__About this task__:
When copying the listing below, skip every picture and keep each word as it stands.

__Available data__:
Segment Open

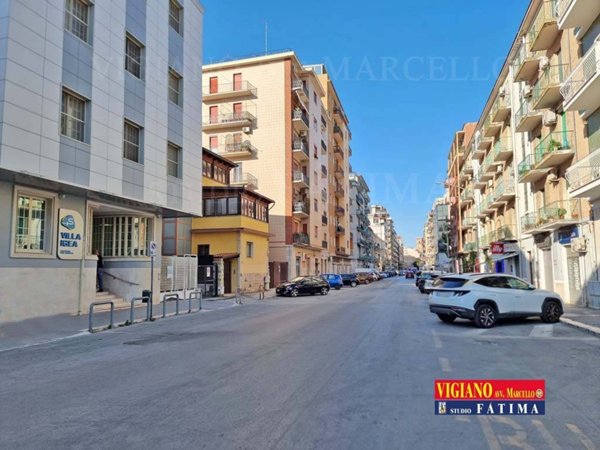 negozio in vendita a Foggia in zona Candelaro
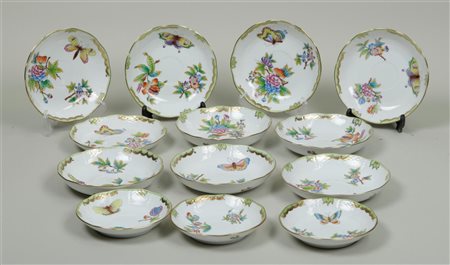 A lot of thirteen porcelain saucers with Queen Victoria decoration. Herend,...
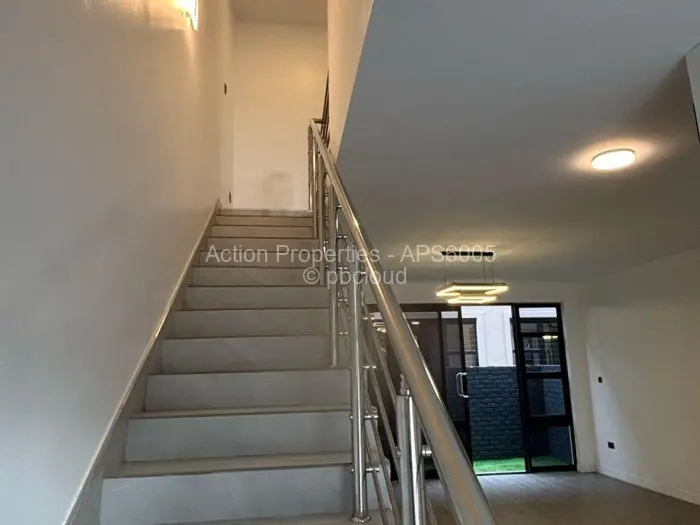 Flat/Apartment to Rent in Borrowdale, Harare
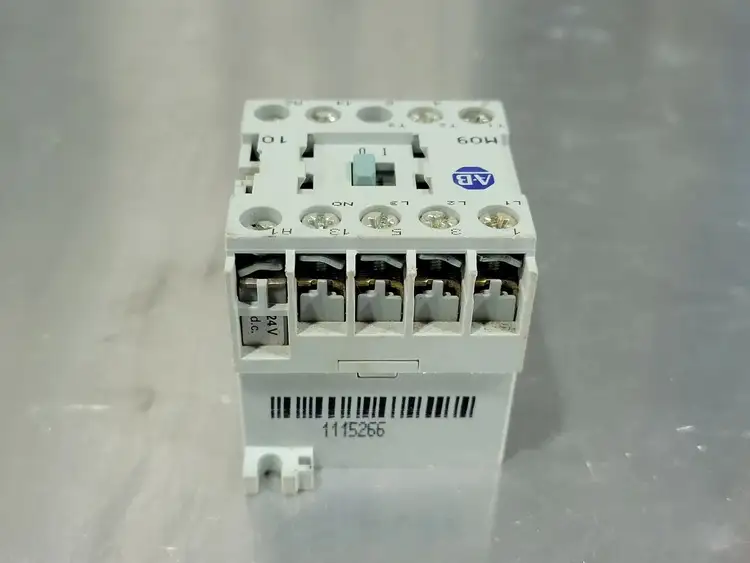 Used ALLEN-BRADLEY 100-M09NZ*3 Switchgears British Columbia CA | Lenmark #243147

Segment Closed

__Output of the task__:
 negozio in vendita a Foggia in zona Candelaro
 A lot of thirteen porcelain saucers with Queen Victoria decoration. Herend,...
 Flat/Apartment to Rent in Borrowdale, Harare
 Used ALLEN-BRADLEY 100-M09NZ*3 Switchgears British Columbia CA | Lenmark #243147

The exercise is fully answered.